## TASK PROMPT:
After locating the line that bears "03.10.2024 - Köhlbrandbrückenlauf", restate word for word that line and the rest of the listing to its final line, excluding all pictures.

──────────

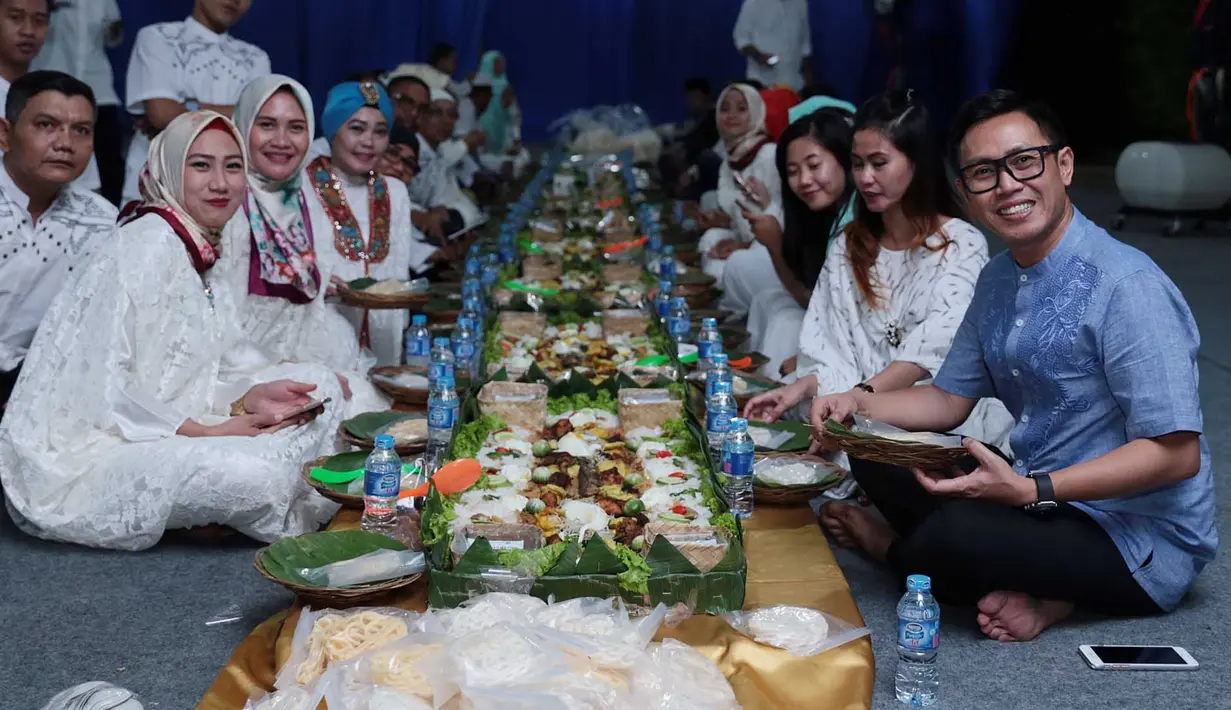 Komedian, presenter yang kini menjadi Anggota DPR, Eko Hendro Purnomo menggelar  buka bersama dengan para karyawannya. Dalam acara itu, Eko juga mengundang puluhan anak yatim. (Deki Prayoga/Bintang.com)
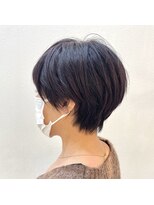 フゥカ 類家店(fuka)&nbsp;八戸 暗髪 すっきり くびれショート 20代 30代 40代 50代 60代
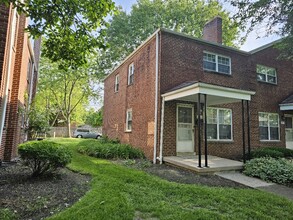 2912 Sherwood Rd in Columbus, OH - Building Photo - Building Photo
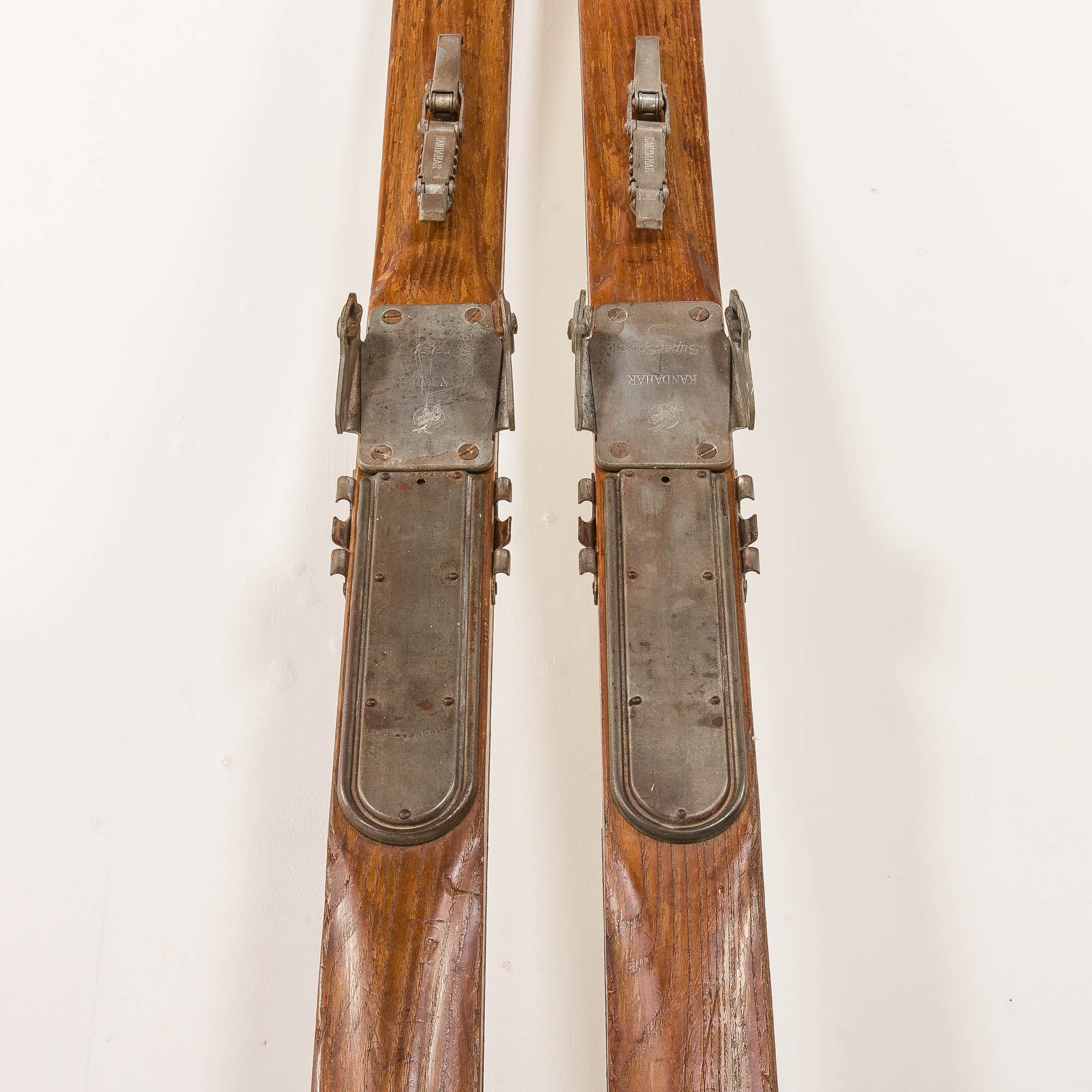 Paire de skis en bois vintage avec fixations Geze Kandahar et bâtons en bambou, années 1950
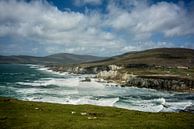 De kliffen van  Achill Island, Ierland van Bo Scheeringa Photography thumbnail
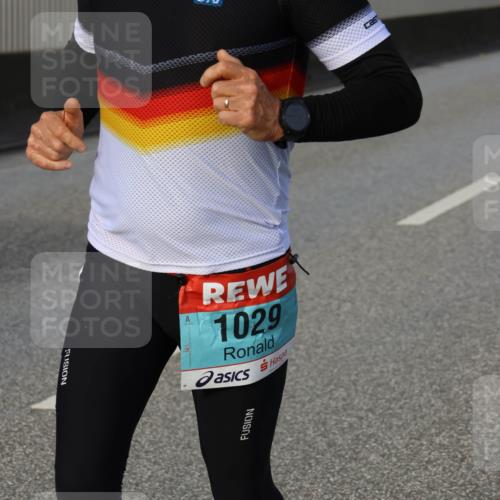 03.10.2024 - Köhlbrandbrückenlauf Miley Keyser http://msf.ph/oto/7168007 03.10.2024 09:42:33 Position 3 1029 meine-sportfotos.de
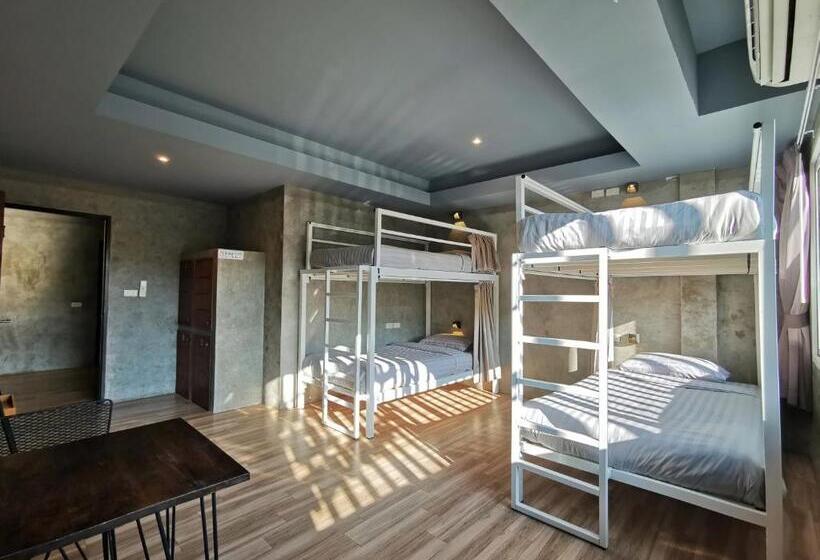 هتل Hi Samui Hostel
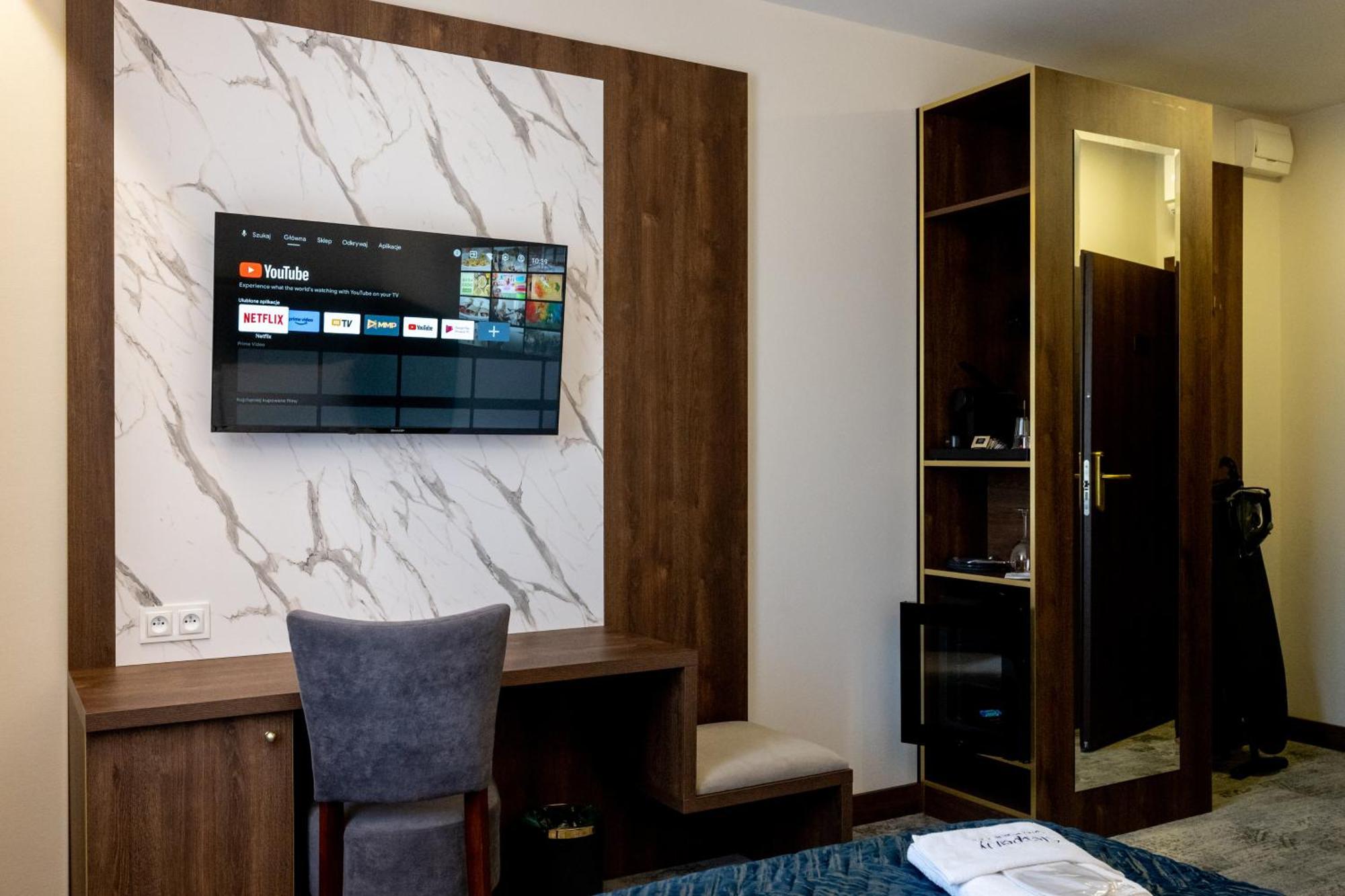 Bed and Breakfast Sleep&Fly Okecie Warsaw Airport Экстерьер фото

──────────

## RESPONSE:
 03.10.2024 - Köhlbrandbrückenlauf Miley Keyser http://msf.ph/oto/7168007 03.10.2024 09:42:33 Position 3 1029 meine-sportfotos.de
 هتل Hi Samui Hostel
 Bed and Breakfast Sleep&Fly Okecie Warsaw Airport Экстерьер фото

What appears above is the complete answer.